# DATA SECTION:
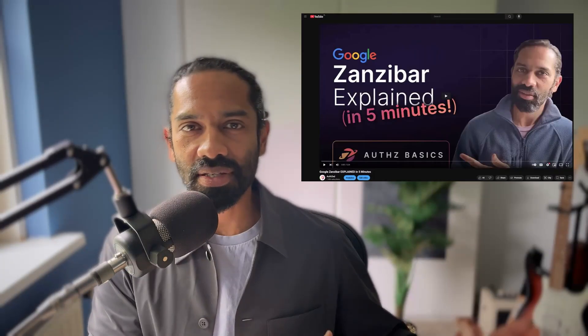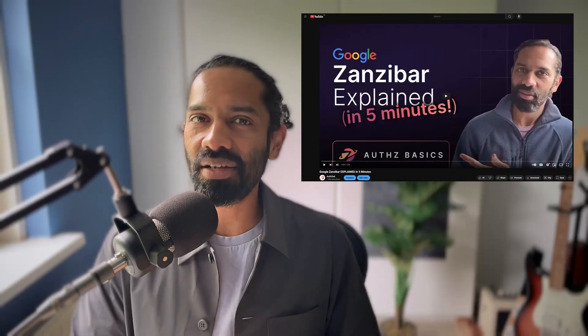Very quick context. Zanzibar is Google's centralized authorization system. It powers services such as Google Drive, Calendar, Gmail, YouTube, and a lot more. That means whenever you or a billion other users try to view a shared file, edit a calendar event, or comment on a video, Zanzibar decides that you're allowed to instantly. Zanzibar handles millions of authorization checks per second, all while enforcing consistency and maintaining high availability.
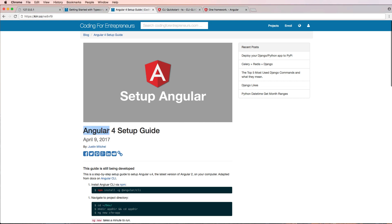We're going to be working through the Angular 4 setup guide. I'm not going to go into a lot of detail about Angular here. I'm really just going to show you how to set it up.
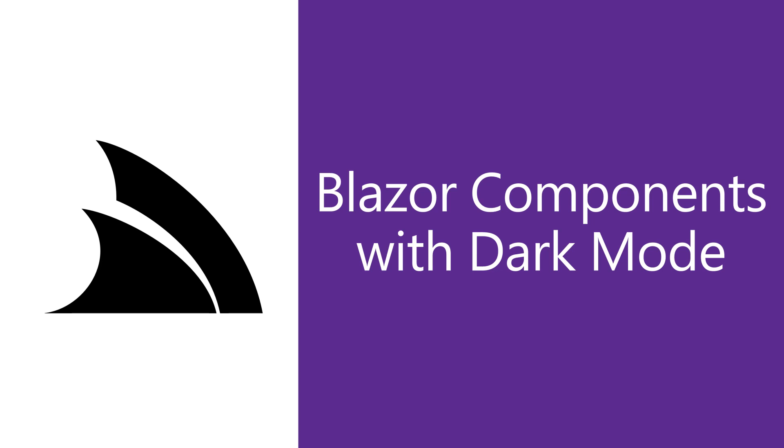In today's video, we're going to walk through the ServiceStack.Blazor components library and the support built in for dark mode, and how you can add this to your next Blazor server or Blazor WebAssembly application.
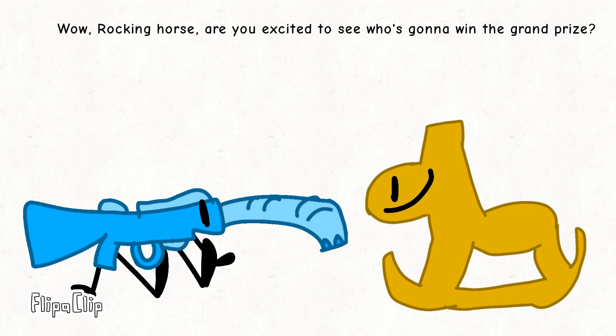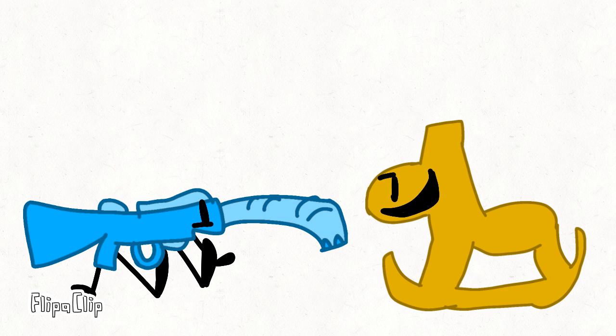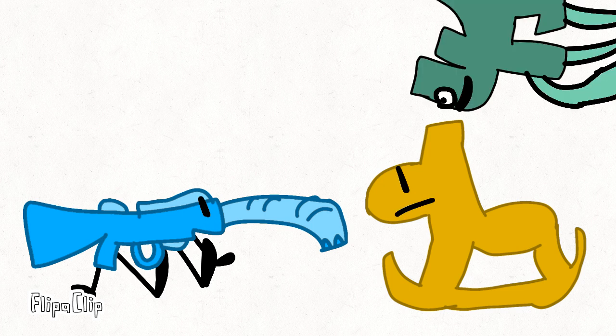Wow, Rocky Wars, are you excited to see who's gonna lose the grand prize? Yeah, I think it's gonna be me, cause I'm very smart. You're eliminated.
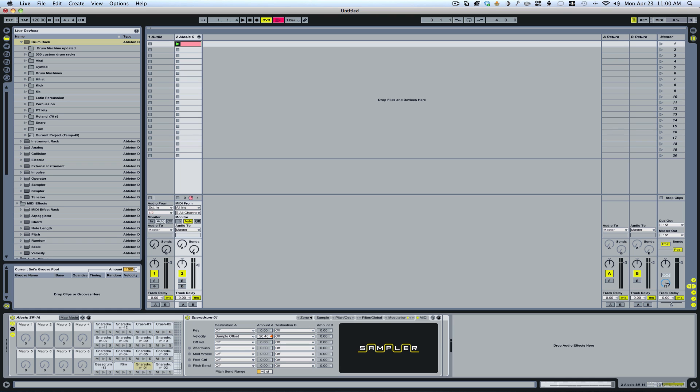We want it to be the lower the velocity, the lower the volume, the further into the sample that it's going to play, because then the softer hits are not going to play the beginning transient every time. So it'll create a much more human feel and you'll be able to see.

* * *

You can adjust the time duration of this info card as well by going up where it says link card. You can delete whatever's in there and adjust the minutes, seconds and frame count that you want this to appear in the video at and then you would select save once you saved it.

# WHAT TO DO:
What is wanted is an exact copy of the lines above from the one containing "In today's video, we're" through the one containing "We want it to", with no pictures in it.

# RESPONSE AREA:
In today's video, we're going to walk through the ServiceStack.Blazor components library and the support built in for dark mode, and how you can add this to your next Blazor server or Blazor WebAssembly application.
Wow, Rocky Wars, are you excited to see who's gonna lose the grand prize? Yeah, I think it's gonna be me, cause I'm very smart. You're eliminated.
We want it to be the lower the velocity, the lower the volume, the further into the sample that it's going to play, because then the softer hits are not going to play the beginning transient every time. So it'll create a much more human feel and you'll be able to see.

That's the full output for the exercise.